- [TASK GOAL] The word "Street" occurs in some of the lines below; copy each of those lines.

Saved entries
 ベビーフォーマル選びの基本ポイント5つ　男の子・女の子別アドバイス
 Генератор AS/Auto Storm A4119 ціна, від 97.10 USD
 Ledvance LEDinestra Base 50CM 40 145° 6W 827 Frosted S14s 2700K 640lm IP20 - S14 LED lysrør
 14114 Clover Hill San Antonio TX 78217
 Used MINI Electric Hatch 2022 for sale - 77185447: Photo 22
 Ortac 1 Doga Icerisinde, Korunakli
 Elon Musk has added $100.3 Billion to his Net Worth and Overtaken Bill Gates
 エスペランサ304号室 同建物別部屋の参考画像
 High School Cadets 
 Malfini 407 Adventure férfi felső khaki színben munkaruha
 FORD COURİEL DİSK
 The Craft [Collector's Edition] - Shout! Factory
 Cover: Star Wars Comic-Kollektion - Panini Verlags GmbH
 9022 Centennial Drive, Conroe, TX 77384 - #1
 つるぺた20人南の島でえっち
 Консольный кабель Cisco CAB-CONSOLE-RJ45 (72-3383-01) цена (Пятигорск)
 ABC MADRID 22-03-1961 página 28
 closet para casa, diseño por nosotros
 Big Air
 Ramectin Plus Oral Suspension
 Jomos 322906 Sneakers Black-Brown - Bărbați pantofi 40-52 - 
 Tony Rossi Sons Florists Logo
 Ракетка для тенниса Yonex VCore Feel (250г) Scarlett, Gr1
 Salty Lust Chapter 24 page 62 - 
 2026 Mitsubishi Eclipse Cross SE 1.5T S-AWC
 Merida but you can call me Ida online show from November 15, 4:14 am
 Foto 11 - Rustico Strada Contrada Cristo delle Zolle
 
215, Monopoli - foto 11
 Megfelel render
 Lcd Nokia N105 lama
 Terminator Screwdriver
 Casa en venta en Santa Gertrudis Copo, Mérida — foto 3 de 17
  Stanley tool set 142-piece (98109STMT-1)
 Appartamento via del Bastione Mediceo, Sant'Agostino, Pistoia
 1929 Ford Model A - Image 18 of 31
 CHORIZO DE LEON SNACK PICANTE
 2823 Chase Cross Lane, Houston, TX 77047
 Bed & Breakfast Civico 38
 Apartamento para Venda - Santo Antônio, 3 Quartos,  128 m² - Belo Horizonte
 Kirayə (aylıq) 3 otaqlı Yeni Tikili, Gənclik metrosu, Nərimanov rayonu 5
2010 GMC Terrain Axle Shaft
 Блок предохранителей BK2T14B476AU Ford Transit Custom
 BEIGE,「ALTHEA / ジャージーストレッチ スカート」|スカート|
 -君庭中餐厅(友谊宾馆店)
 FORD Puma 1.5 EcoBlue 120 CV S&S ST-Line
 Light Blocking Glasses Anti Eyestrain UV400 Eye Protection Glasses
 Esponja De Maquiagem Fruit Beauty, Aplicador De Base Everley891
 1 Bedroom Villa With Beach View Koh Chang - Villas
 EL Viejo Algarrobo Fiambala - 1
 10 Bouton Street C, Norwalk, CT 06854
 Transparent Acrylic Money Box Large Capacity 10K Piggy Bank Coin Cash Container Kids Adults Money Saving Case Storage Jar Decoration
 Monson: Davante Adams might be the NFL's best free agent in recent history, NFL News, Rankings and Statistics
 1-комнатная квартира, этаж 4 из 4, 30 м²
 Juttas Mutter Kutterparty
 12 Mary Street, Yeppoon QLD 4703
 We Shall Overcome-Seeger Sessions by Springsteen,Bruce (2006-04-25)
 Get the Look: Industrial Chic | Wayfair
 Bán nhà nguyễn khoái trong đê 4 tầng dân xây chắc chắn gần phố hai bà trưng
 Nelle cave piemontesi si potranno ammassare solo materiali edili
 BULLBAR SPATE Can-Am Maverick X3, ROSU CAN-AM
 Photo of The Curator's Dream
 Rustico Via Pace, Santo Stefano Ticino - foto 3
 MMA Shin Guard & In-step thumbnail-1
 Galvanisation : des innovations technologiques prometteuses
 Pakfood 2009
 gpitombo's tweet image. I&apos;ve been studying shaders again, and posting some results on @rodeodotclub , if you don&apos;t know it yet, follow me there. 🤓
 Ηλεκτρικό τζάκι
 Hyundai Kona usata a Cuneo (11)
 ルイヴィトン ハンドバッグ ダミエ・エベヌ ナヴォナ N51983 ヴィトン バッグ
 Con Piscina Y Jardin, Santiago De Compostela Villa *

- [OUTPUT]
 10 Bouton Street C, Norwalk, CT 06854
 12 Mary Street, Yeppoon QLD 4703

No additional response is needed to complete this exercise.